Covid 19 or the Corona virus as it is commonly called has not only played havoc in the lives of people all over the world but it is also going to have a profound effect and change the way how countries and communities conduct their lives and businesses hence forth.

Since, the virus spreads more rapidly amongst congregation of people and, nobody can predict where the virus is lurking around or who the carrier is, with many carriers having found to be asymptomatic, usage of masks and social distancing has become mandatory and a way of life.

The world has adapted to this new scenario and economic activities in the corporate world are being conducted by working from home, conducting meetings through Skype and conferences by Webinar and Zoom.

Even though the courts have stopped Advocates from coming to court, important matters effecting the life and liberty of citizens are being adjudicated by courts using video conferencing from virtual court rooms.

Some enthusiasts, policy makers and other influencers want court hearings to be conducted via video conferencing even after normalization of the situation due to availability of new technology and to provide access to justice for litigants staying in far flung areas.

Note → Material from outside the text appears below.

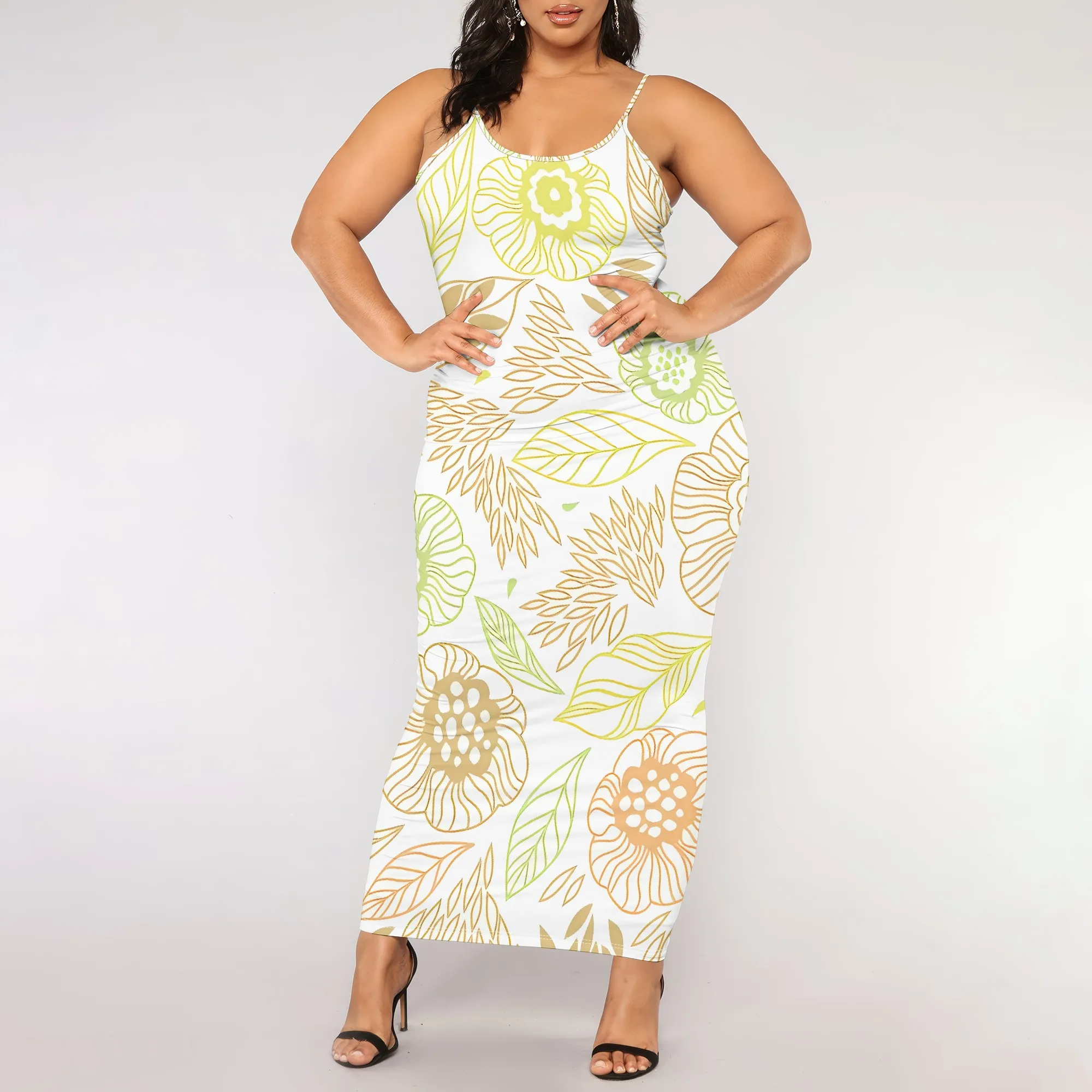 Spaghetti Strap Dresses with Flutter Sleeves Moss Plus Size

Whereas there are others who are of the firm opinion that video conferencing cannot replace open court hearings since, the fundamental principle in the administration of justice is that courts must be open to the public.

Article 145(4) of the Constitution of India provides that no judgment shall be delivered by the Supreme Court other than in open court. It further, provides that no report shall be made under Article 143 other that in accordance with an opinion also delivered in open court. Section 327 of the Criminal Procedure Code and Section 153-B of Civil Procedure Code also mandates open court hearings in all criminal and civil cases.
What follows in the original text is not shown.